“Several other producers are having trouble getting frack crews, they’re having trouble getting labor and they’re having trouble getting sand; that’s going to keep anybody from growing,” Sheffield said. “If the president wants us to grow, I just don’t think the industry can grow anyway.”
Surging oil prices that many on Wall Street now expect to reach $100 a barrel have been a major cause of concern for governments confronting voter discontent over a higher cost of living.

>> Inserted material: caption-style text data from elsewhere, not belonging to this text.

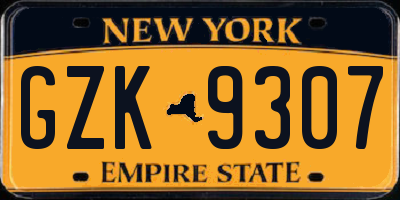 NY license plate GZK9307
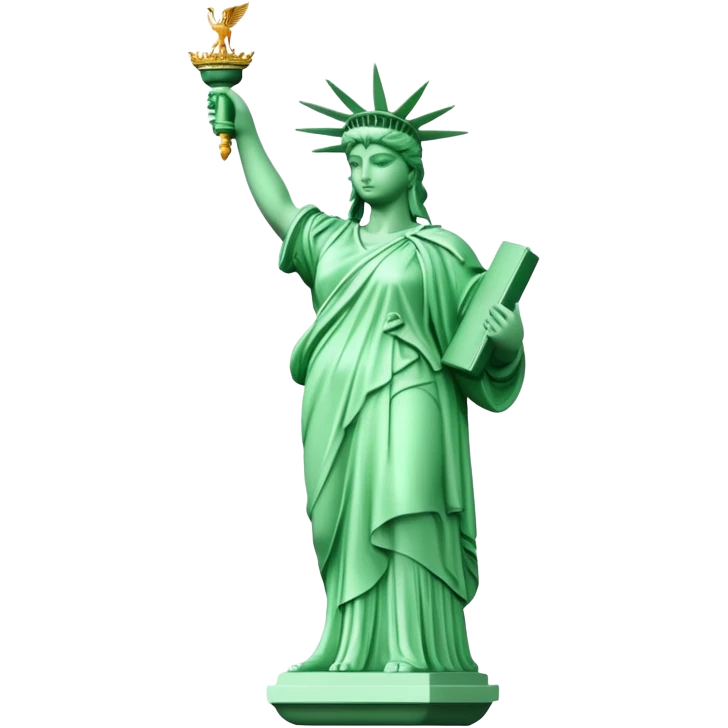 Estatua de la libertad, verde. Con una paloma en la mano izquierda.  emoji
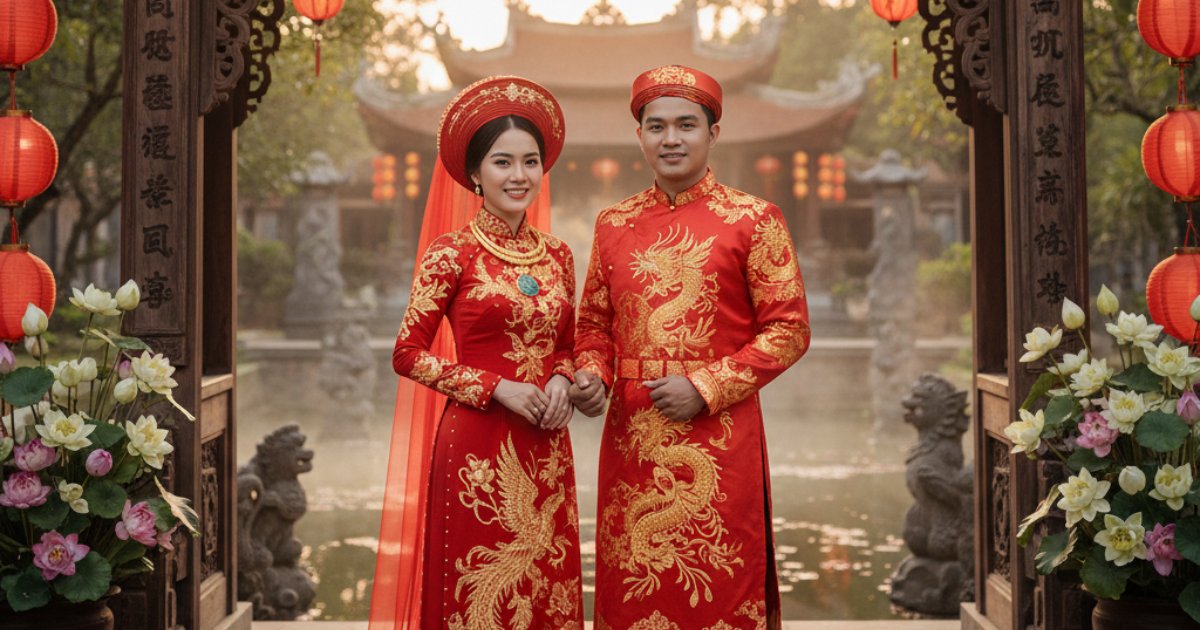 Understanding the symbolism within a Vietnamese wedding costume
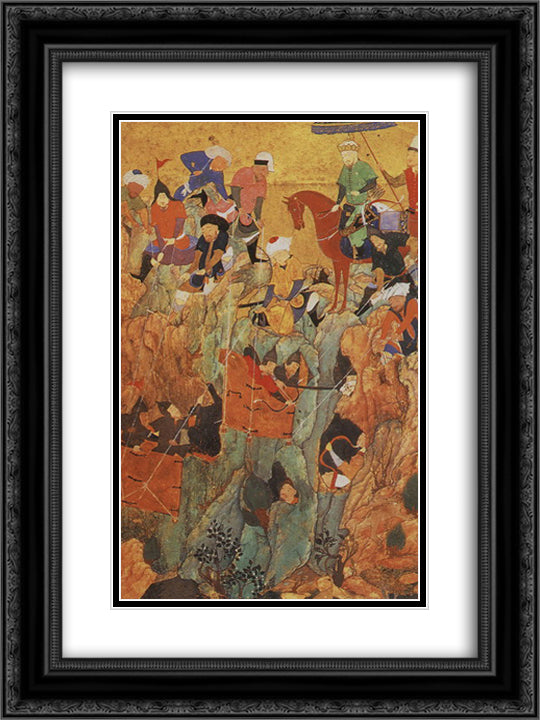 Timur's army attacks the survivors of the town of Nerges, in Georgia 18x24 Black Ornate Wood Framed Art Print Poster with Double Matting by ud Din Behzad, Kamal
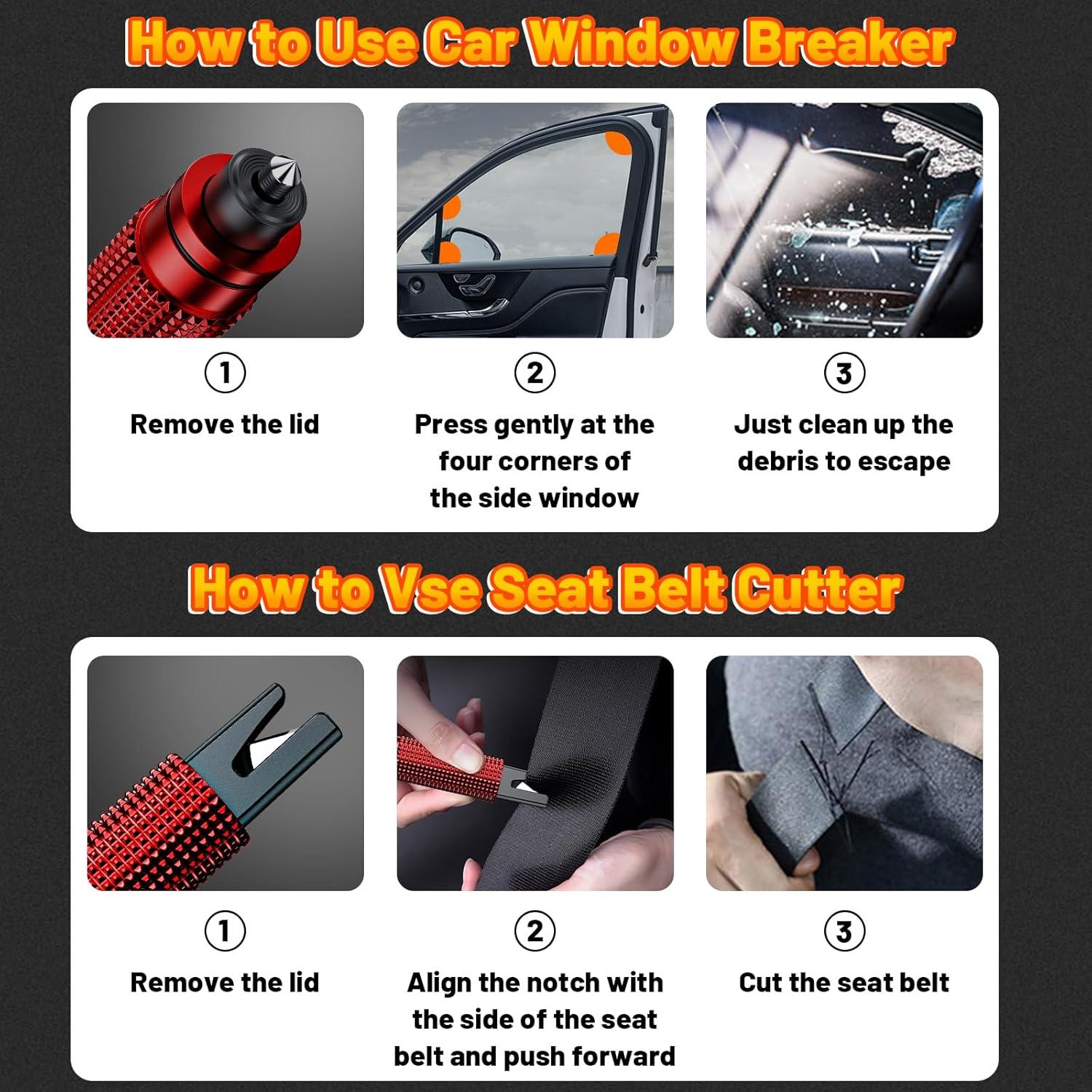 Martillo de Seguridad Smosun 2 en 1 Rompe Cristales y Cortador
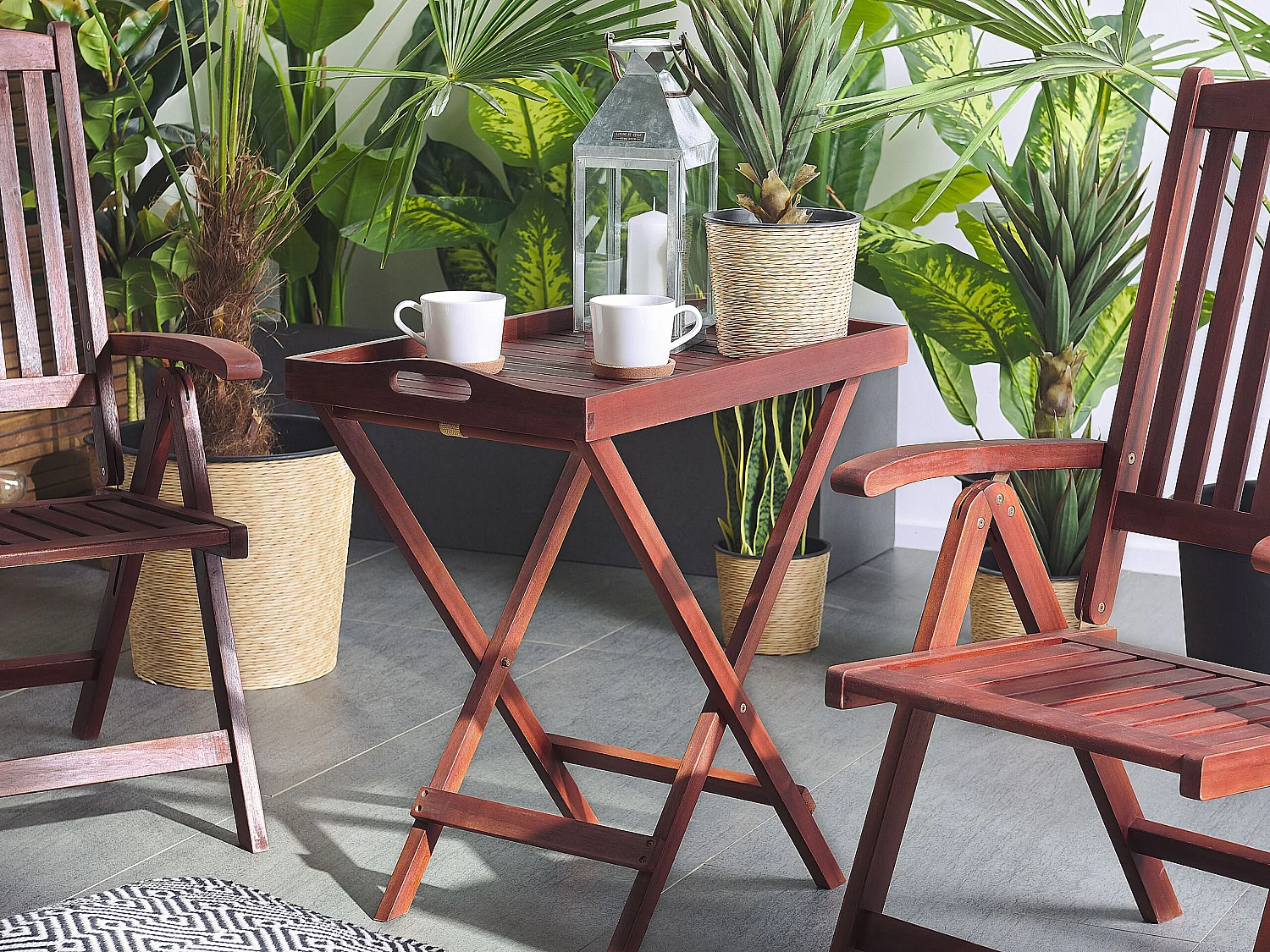 Outdoor Beistelltisch TOSCANA Akazienholz Dunkelbraun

Most notably, U.S. President Joe Biden, has criticized American drillers for not producing more and has released crude from strategic reserves in a bid to ease gasoline prices at the pump.
Crude prices have surged 40% since early December to more than $90 a barrel as rising global demand and geopolitical concerns increase due to tensions between Russia and Ukraine. But don’t expect U.S. shale to increase production to ease shortages, Sheffield said.
“If Russian oil is sanctioned, or if Russia decides to stop exporting, then it’s going to be up to the Saudis and UAE to decide whether to break the pact and increase production,” he said.
To be sure, oil’s rally has triggered somewhat of a revival of shale drilling, with producers adding the most oil rigs in four years last week. The Permian Basin, the world’s most prolific shale patch, has reached record production for three consecutive months.
But costs of producing shale oil increased 10% to 15% in the latter half of last year and will increase another 6% this year, Sheffield said. The higher costs, coupled with labor and sand supply constraints, could limit how much more output can grow.